Just about a quarter of a million trained doctors come out annually in our country and yet there is a perpetual shortage of medical staff in rural areas. The Government tried a policy of enforcing rural postings but why not invest in rural healthcare instead? If these doctors had a viable career option in the form of rural practice, why would they struggle in the cut throat competition in surplus areas?

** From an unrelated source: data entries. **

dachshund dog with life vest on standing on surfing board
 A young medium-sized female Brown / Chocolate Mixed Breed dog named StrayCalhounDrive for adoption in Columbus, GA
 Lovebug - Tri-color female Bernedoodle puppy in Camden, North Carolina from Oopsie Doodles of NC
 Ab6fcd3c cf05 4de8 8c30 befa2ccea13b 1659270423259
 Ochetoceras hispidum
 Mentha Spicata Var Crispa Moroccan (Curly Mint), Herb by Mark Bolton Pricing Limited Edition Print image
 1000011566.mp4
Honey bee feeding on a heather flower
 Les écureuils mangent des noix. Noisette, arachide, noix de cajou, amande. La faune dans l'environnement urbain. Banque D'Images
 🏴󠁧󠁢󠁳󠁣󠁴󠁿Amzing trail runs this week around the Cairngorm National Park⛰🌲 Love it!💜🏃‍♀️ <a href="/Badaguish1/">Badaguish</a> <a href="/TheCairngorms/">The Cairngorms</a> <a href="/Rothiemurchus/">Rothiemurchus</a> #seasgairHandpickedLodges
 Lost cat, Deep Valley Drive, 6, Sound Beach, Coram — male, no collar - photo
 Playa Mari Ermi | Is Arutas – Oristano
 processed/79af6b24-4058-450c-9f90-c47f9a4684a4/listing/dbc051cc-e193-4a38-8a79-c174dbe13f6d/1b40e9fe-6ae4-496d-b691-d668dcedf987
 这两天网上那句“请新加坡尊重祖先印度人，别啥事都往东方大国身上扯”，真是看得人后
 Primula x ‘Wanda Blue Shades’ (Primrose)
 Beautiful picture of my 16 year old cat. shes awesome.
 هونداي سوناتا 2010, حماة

While no one would dispute the fact that India has its own set of unique problems and no foreign model can be superimposed on it, the obvious lack of interest in improving grass root level healthcare is a disgrace. While we brag about an ever expanding ‘medical tourism’ industry and healthcare is set to become a $150 billion industry by 2017, this seems like a hollow victory in the absence of any sign of improvement in the health of those that need it most. It’s a slap in the faces of policymakers that less than 40% births in the country are attended by trained birth attendants and maternal mortality still sits at the same level as 60yrs ago. To get a sense of just how far behind we are from the rest of the world , maternal mortality rate i.e. a mother dying in childbirth, which is arguably the most sensitive index of the health of a nation, was still sitting at about 450/100,000 live births compared to about 14/100,000 in the UK. That is a staggering difference. What’s more poignant is that about 800,000 women each year die of the most easily preventable causes possible- anemia, infection and haemorrhage. If Mumtaz Mahal died of haemorrhage after childbirth in the 1600’s, more than three hundred years later, one of our most prominent and promising actresses of recent times, Smita Patil, dies of the same in 1986, telling us that nothing had changed in the interim. It requires the simplest measures to prevent so many unnecessary deaths each year- deaths that leave fragmented families and the spectre of infants without their mothers. We’re perpetually in a race to be as advanced as the developed countries of the west. Why then has no initiative been shown to be at par with these countries in terms of the most basic human necessity- efficient healthcare? The answer lies perhaps in freeing healthcare from corrupt political influence and putting people who really know, in charge of the system. Maybe then we’d be able to make a start towards becoming a healthy nation, which I presume comes before ‘superpower’ nation.